Crime, Punishment, and Economics

By: John C. Downen
Posted on August 10, 2005 FREE Insights Topics:

Gallatin County is asking voters to approve a $20 million bond issue to build a new jail. Supporters argue that the present jail is overcrowded, and all too often we read of an nth-offense drunk driver cited and released because the jail is full.

Will a larger jail solve our problems? Here are some points to consider. Any penitentiary we have should be Spartan, sanitary, secure, and safe -- and not a place to which you’d want to return.

Of course a jail should be secure. If it can’t contain criminals it’s just a hotel. It should also prevent the infiltration of forbidden items or the conduct of illegal activity by those inside.

Prison should not be comfortable; it should provide only the bare minimum. Luxuries like television time could be earned through good behavior -- not a “right” granted to all.

Our soldiers in Iraq live under far worse conditions than felons in our local jail. They’re there voluntarily, in service to our country. An acquaintance pointed out that the existing jail provides nicer facilities than he experienced in Viet Nam as an airplane mechanic (not even on the front lines) -- and there’s still standing room in ours.

Another acquaintance suggests replacing the current facilities with two 40-bed bull pens. Prisoners would sleep in shifts. They’d strip the bed when they get up and take the sheets to the laundry, staffed by prisoners. Those going to bed would pick up clean sheets on the way.

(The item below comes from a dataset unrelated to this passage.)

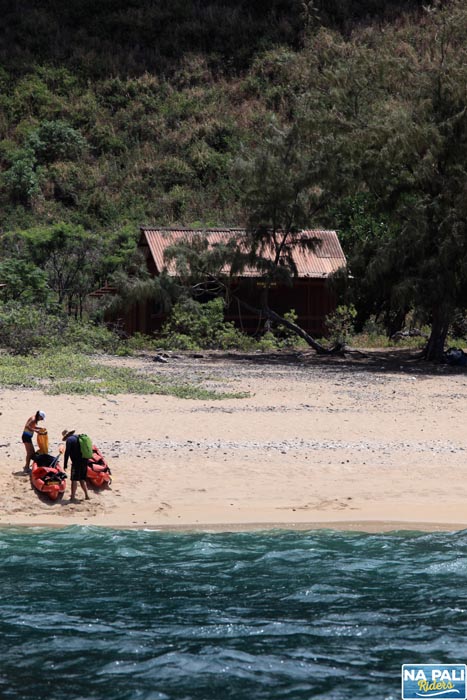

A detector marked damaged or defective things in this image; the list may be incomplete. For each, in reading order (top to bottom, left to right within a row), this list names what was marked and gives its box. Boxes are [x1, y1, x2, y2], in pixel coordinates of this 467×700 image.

rusty metal roof [141, 226, 346, 278]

The experience would be so bad that word would quickly spread among the criminal class that Gallatin County is not a place to break the law.

Neither of these men are mere cranks. Both are very successful, well-functioning contributors to society. They have earned their success through hard work manipulating and increasing the value of real-world stuff (iron and agriculture).

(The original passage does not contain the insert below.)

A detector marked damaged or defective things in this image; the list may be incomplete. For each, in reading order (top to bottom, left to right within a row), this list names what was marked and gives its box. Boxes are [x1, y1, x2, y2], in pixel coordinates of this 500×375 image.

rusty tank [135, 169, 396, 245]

The Federal Bureau of Prisons put the annual cost of imprisonment in a federal prison at $23,206 in 2004. Until the 1930s and ’40s, when labor unions raised a fuss, prisons were virtually self-supporting thanks to convict labor. Putting prisoners to work would help offset the cost of incarceration as well as extract some productive contribution, however modest, in return for their destructive actions. Plus, long days of hard work would likely lower the level of violence behind bars.

Granted, we’d no doubt hear from the concerned folks at the ACLU, upset over the violation of criminals’ human rights. But in violating the social contract and the rights of others, criminals forfeit some of their own rights -- most obviously their freedom.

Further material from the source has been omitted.